What you might not know is that Bad Bunny is also Benito Antonio Martínez Ocasio, a 31-year-old from a small neighborhood on the northern coast of Puerto Rico. Benito, as many fans affectionately call him, is the oldest of three sons of a truck driver and schoolteacher. Twelve years ago, Benito was bagging groceries and studying communications at the University of Puerto Rico at Arecibo—all before dropping out to pursue music. 


19 billion or so annual Spotify streams later and Bad Bunny is now truly a phenomenon. 

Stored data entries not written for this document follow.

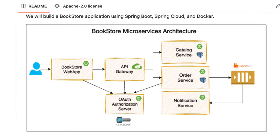We have built our bookstore application following microservices architecture and everything is working fine. But in order to run the application in a production environment, we need to take more things into consideration. For example, if something goes wrong, how quickly the dev team or support team get notified, how quickly they can figure out what is going wrong, and how quickly they can fix the issue. These are very important things for production because if things are going wrong frequently or you are not able to understand what is going wrong, it will be a nightmare to support this system. So we are going to look at what things we need to make the system more observable and maintainable.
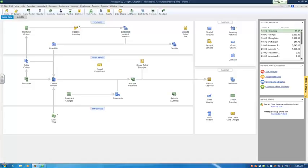In Learning Plan 8 we start dealing with payroll. Payroll, as you can imagine, is very detailed, but I wanted to mention that QuickBooks has basically three options for you when it comes to payroll.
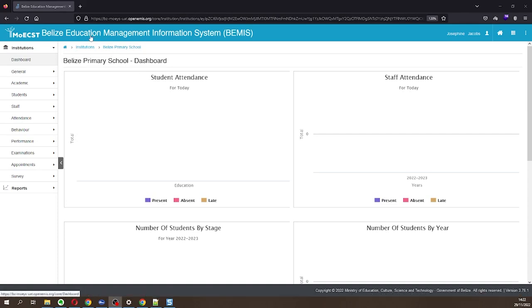Hello. Thank you for accessing this BEMIS tutorial on adding single grade classes for the new academic year. There are several easy steps involved. Let's get started.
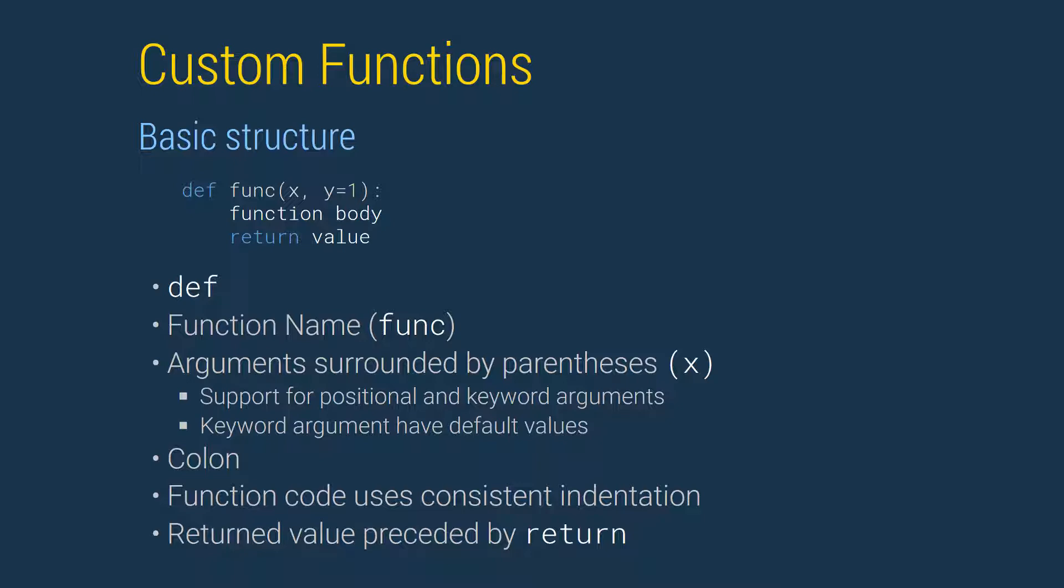A function definition begins with the keyword def. This is followed by the name of the function. The third element is the list of function inputs. Python supports both required and optional inputs. In this example, x is required since there is no default value, and y is optional and if omitted will use the default value of 1. The function declaration ends with a colon.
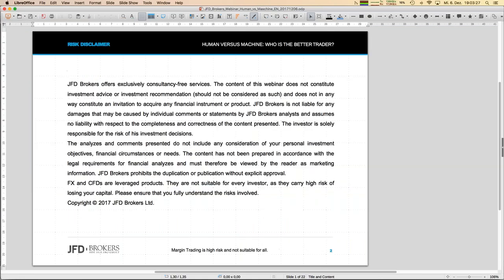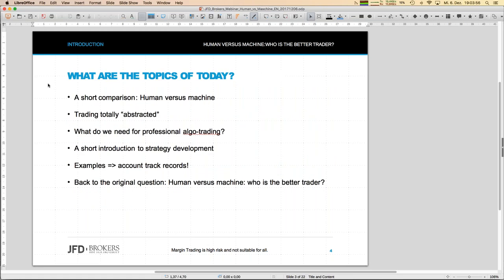As always, I have to show the disclaimer slide at least once during my talk. Whatever you do, whatever you trade, you trade it on your own. That's obvious, but I have to mention it. So — what are the real main topics when we talk about human versus machine, who is a better trader?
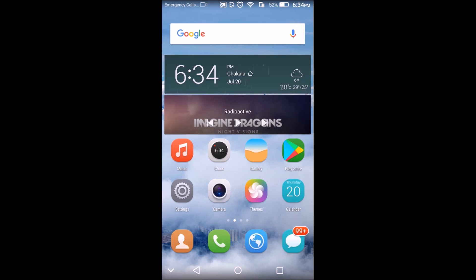So today I'm going to show you how to hide apps in any Huawei Honor phone. There's also a bonus at the end of the video, so watch till the end.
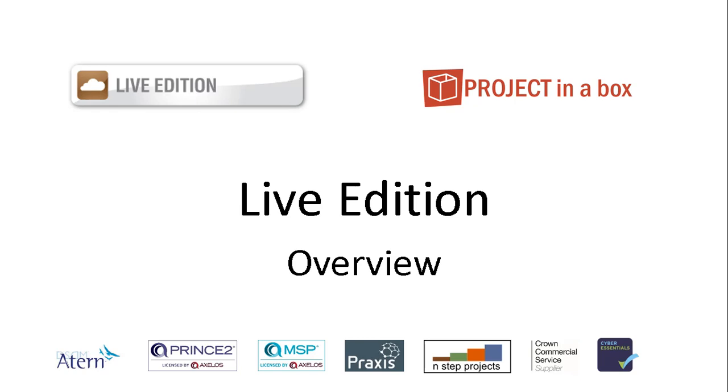Hello and welcome to this Project in a Box video. We're looking at Live Edition here. This is a bit of an overview based around some slides and discussion. If you want to look at the actual thing in action, there's a separate video which takes us through all of that.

But he’s not your average pop star. Bad Bunny is outspokenly political, using his platform and music to address humanitarian crises, gender-based violence, and political corruption affecting his beloved Puerto Rico and the U.S. It's this other side of the megastar that American studies professor Petra Rivera-Rideau explores in her latest book P FKN R: How Bad Bunny Became the Global Voice of Puerto Rican Resistance. As she writes: “Bad Bunny is part of a newer generation of Puerto Ricans who imagine a different kind of future for their homeland.” 


[MUSIC IN]


LEAH: This is The Edge, produced by California magazine and the Cal Alumni Association. I’m your host, Leah Worthington. 


NAT: And I’m your co-host Nathalia Alcantara.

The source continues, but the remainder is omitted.